Von Walter Dietrich
Manchmal hat man in der Bibel den Eindruck, die Menschen sähen sich einem «kalten» Gott gegenüber, den es nicht kümmert, wenn sie leiden. Der Prophet Habakuk beklagt sich: «Wie lange, Ewiger, habe ich um Hilfe gerufen – und du hörst nicht, schreie ich zu dir ‘Gewalttat!’ – und du hilfst nicht?» (Hab 1,2) Der König Saul ruft, kurz vor seinem tragischen Ende, verzweifelt: «Gott hat sich von mir abgewandt und antwortet mir nicht» (1Sam 28,15). Gott kann sogar – durch Prophetenmund – selbst zugeben, lange Zeit «geschwiegen» zu haben, doch nun wolle er sich wieder vernehmen lassen (Jes 42,14). Die Psalmen beklagen häufig, dass Gott untätig bleibt, wo er etwas tun müsste. Ein kollektives Klagegebet appelliert an ihn: «Schweige nicht und halte nicht still!» (Ps 83,2) Ein einzelner Beter fordert ihn auf: «Schweige nicht, Herr, bleibe nicht fern von mir! Wach auf, erwache für mein Recht» (Ps 35,22f; die Vorstellung vom «schlafenden» Gott begegnet noch in Ps 7,7; 44,24f; 59,5f; 80,3). Grell klingt der Ruf des gekreuzigten Jesus im Ohr: «Mein Gott, mein Gott, warum hast du mich verlassen?» (Mk 15,34) In unseren Tagen erinnert das Gedenken an die Befreiung von Auschwitz vor 75 Jahren an das wohl unfassbarste Gottesschweigen der Menschheitsgeschichte.

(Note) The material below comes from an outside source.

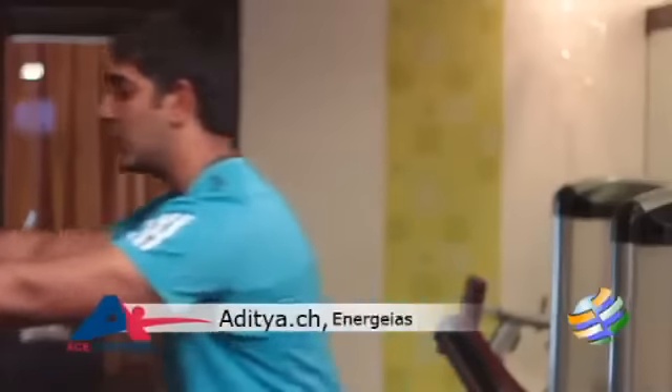Hello and welcome to Fast Track to Fitness. I'm Aditya from Energias Fitness. In our last episode, we saw how to do a ball pusher.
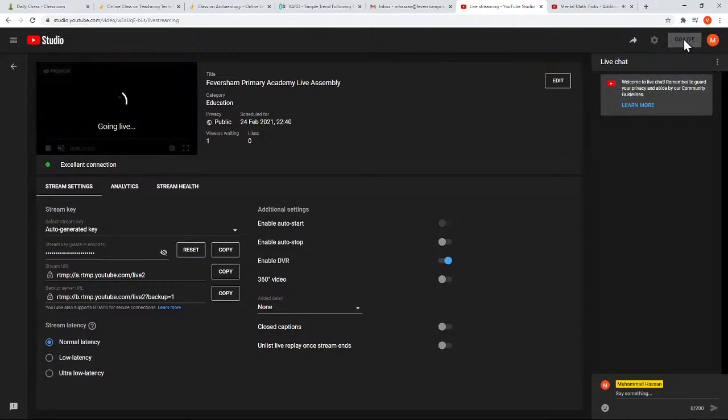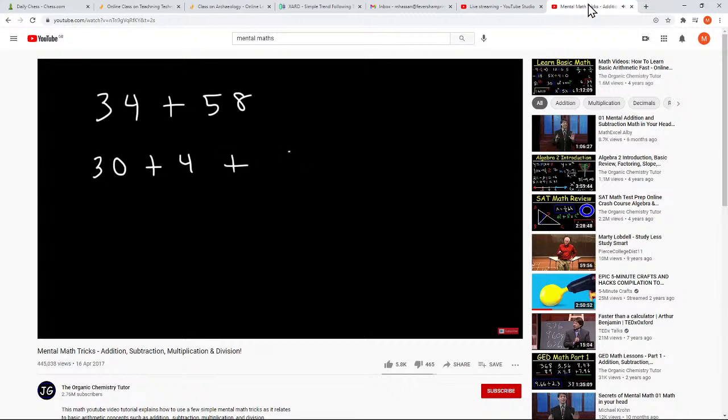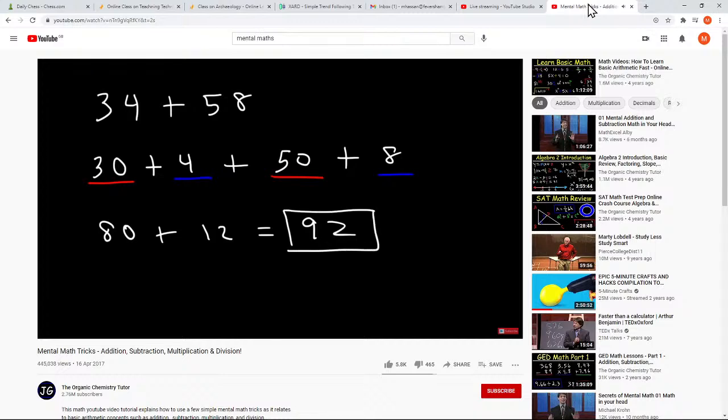Breaking numbers down to small numbers: 34 is basically 30 plus 4, and 58 is 50 plus 8. Now it's pretty straightforward to add 30 and 50 — you know that 3 plus 5 is 8, so 30 and 50 add up to 80. Then 4 plus 8 is 12, and 80 plus 12 is 92. That's a simple way to add two numbers.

Es gibt freilich auch das andere: dass es Menschen nur recht ist, wenn Gott sich nicht rührt, ganz gleich, was sie tun. Da können sie das Volk Gottes «zermalmen» und die Schutzbedürftigsten – Witwen, Waisen, Fremde – «töten», und dazu ganz kühl sagen: «Der Ewige sieht es nicht, der Gott Jakobs merkt es nicht» (Ps 90,7; ganz ähnlich Ps 10,11). Es könnten einem wieder die Schergen und Helfer in den Konzentrationslagern einfallen, denen bei ihrem mörderischen Geschäft der Gedanke an Gott vielleicht nicht einmal in den Sinn kam.
Somit scheint klar: Nur das nicht, bloss kein «kalter» Gott! Muss Gott nicht heissblütig sein, aufwallend gegen das Böse, dreinschlagend gegen das Unrecht? Nicht umsonst ist das Attribut des obersten Gottes von Hellas, Zeus, der Speer, und trägt der nordische Thor den Beinamen «Donnerer». Auch beim biblischen Gott ist oft die Rede von «Zorn», «Rache», von seinem «Eifern». Und es gibt drastische Geschichten dazu: Bald nach der Schöpfung, als in der Welt die Gewalt überhandnimmt, entschliesst sich Gott, alles Leben in einer Sintflut zu ersäufen (Gen 6). Dem Mose erscheint er, symbolisch genug, in einem brennenden Dornbusch, dessen Feuer nicht erlischt (Ex 3). Das versklavte Volk Israel haut er aus Ägypten heraus durch eine lange Folge von Plagen und Gewalttaten (Ex 7–14). Dem eben sesshaft gewordenen Israel kommt er wiederholt zu Hilfe: einmal, indem er Sonne und Mond «stillstehen lässt, bis das Volk Rache genommen hat an seinen Feinden» (Jos 10,13), einmal indem er «vom Himmel her die Sterne kämpfen lässt» (Ri 5,20). Dem König David verhilft er zum Sieg gegen die übergriffigen Philister, indem er sich höchstpersönlich in den Kampf einmischt (2Sam 5,17–25). Auf die Bitte des Propheten Elija hin lässt er Feuer vom Himmel fallen und beschämt damit die Verehrer Baals (dessen Propheten Elija dann reihenweise hinschlachtet: 1Kön 18). Gegen die mörderische, imperiale Grossmacht Assur und ihre Metropole Ninive bietet der Prophet Nahum alle nur denkbare göttliche und menschliche Gewalt auf (Nah 2–3).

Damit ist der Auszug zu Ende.